Over the years, he also became good friends with Marianne Moore and playwright LeRoi Jones, who later changed his name to Amiri Baraka.   He regularly corresponded with them. Discussing his distinctive style, Russell says he was looking to break away from the English and early American poetry traditions: “Back then, the younger American poets were looking for a broader and different approach. So I began to write poetry about Egyptian typography and things like that, and I went off into visual poetry and did a lot of readings.”


His musical expertise influenced his style, as well, and he once wrote of his work: “I would compose like a painter and write poems like a composer.” He developed a mode of composition he referred to as “phenomenalism,” in which image and sound combinations extend the possibilities of semantic meaning through sonic play and visual forms.

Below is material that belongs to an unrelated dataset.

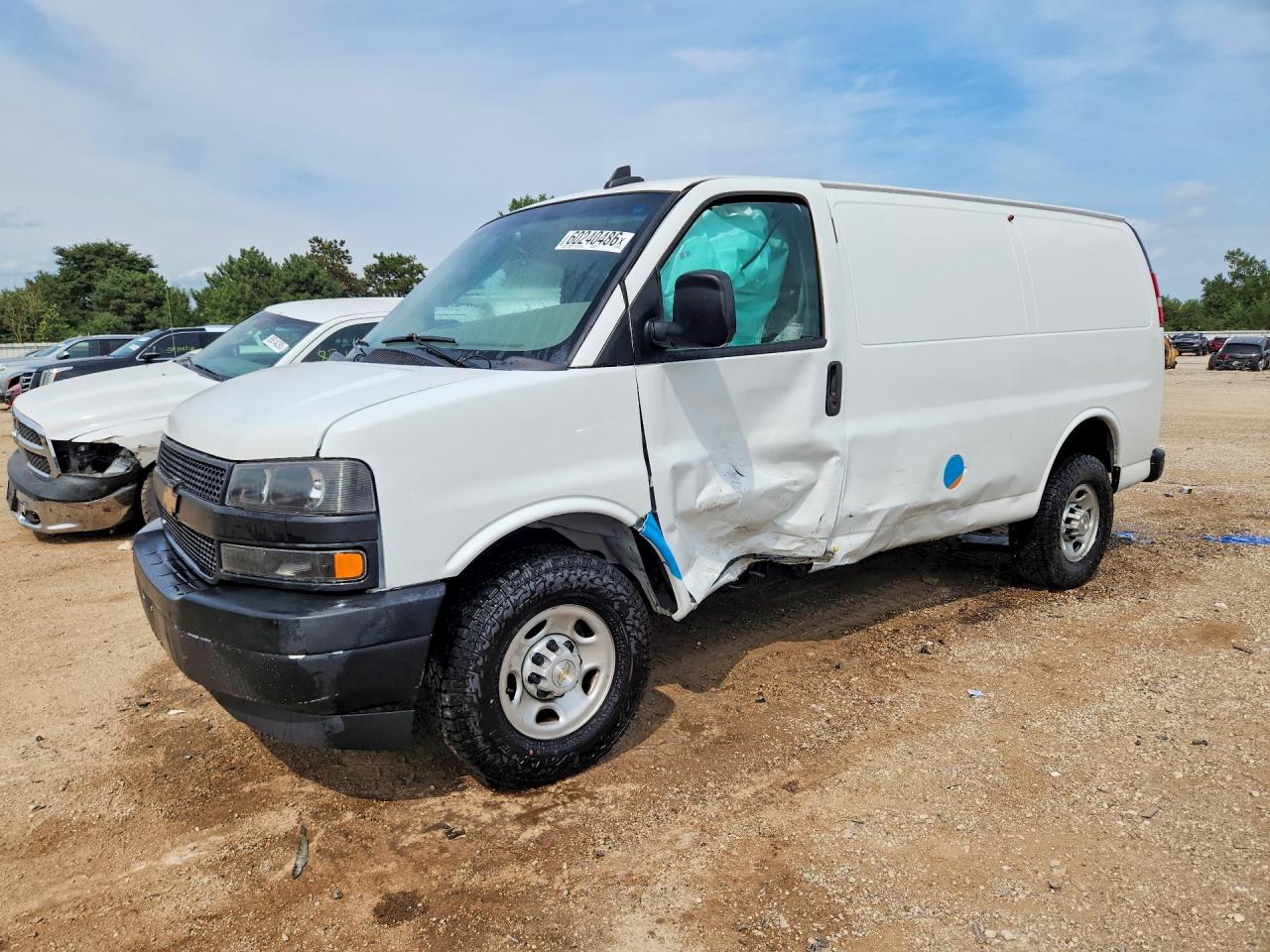 1GCWGAFP5N1282346 · 2022 CHEVROLET EXPRESS G2500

In the early 1950s, one of this poems appeared in The New York Times, a significant accomplishment for a young poet, but he believes it was more to use him as an example of the emerging avant-garde and black poetry movements. “I had begun to use sounds that allowed me to do a lot of things that some people considered really bizarre,” he says. “So I appeared in a publication you wouldn’t normally appear in then.”

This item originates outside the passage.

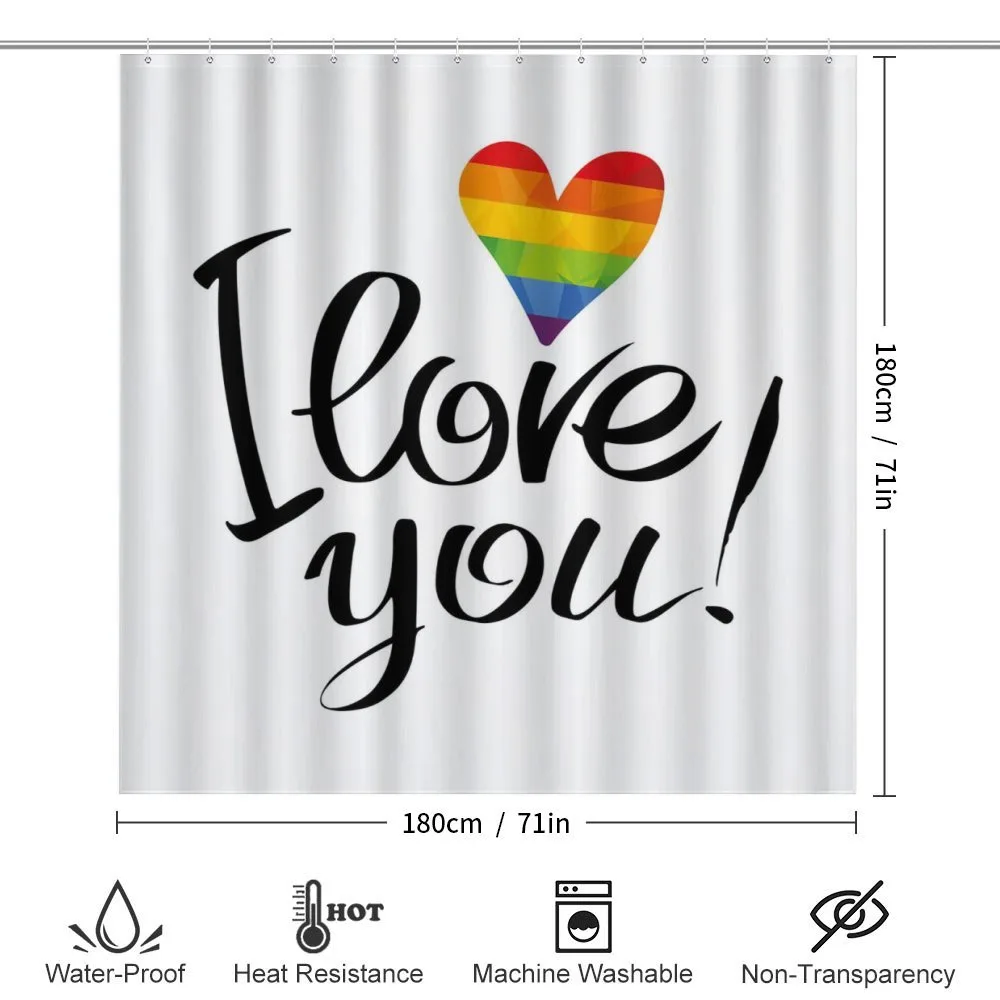 Heart Gay Couples Love — Detail 2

A number of his poems were published in chapbooks and small-press books, including A Podium Presentation (1960), Phenomena (1961), Objects (1963), Objects 2 (1964), Heretofore (1968), The Nail, to Be Set to Music (1970), Maleficium (1971), and Whichever (1978). He also wrote two verse plays that he intended more for reading than stage productions: The Abortionist and The Corpse. Both were published in Free Lance, a magazine he had cofounded in 1950, with Adelaide Simon. In 1976, the Cleveland State Poetry Center published his only full-length collection, Here in The.


“Over the decades, Russell’s poetry moved in a direction that is so uniquely his own because he invented a type of poetic diction that is immediately recognizable and playful and a little bit subversive,” says Kevin Prufer, professor of English, the creative writing program at the University of Houston and co-curator of The Unsung Master’s Series, which published a Russell Atkins edition in 2013. “He’s a poet of enormous importance whose work has been so outside the mainstream of American poetry, particularly African-American poetry, that he has only recently received his long overdue recognition.”


Russell holds an honorary doctorate from Cleveland State University (1976) and received an Ohio Arts Council creative fellowship(1978) and a Poets League of Greater Cleveland lifetime literary achievement(1997).